§ **Task statement**
With the pictures omitted, set down exactly the lines from the one that contains "Birthday Girl Rhinestone" through the last line of the data.

§ **Information supplied**
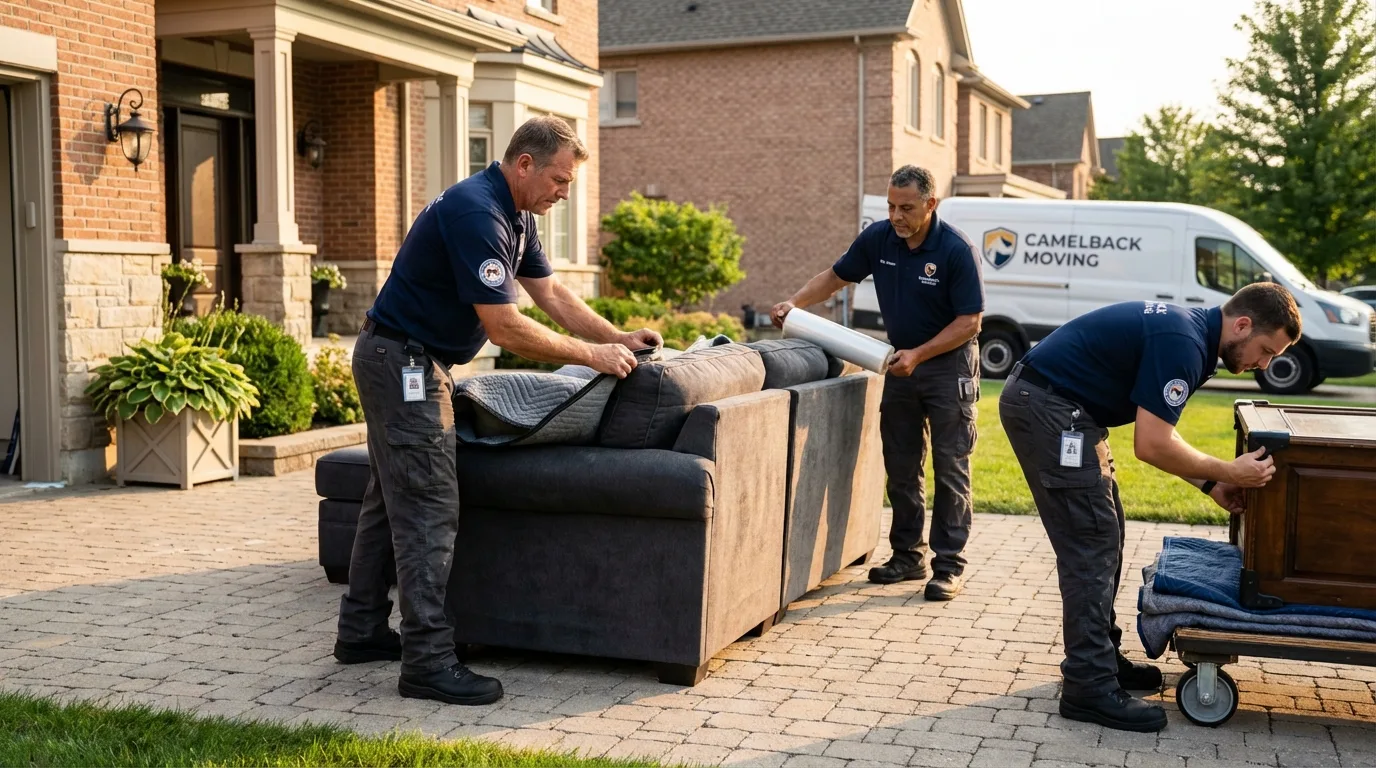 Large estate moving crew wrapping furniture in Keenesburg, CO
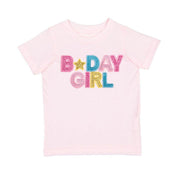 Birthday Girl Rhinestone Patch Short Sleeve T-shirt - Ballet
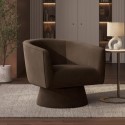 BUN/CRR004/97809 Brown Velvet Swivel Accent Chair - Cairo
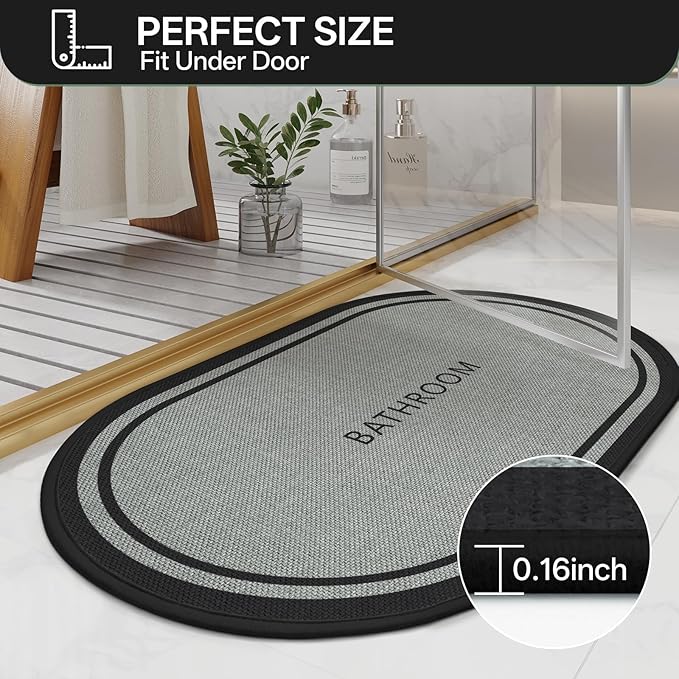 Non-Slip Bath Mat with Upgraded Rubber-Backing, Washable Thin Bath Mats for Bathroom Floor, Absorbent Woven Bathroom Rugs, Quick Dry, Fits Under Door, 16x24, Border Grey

§ **Written response**
 Birthday Girl Rhinestone Patch Short Sleeve T-shirt - Ballet
 BUN/CRR004/97809 Brown Velvet Swivel Accent Chair - Cairo
 Non-Slip Bath Mat with Upgraded Rubber-Backing, Washable Thin Bath Mats for Bathroom Floor, Absorbent Woven Bathroom Rugs, Quick Dry, Fits Under Door, 16x24, Border Grey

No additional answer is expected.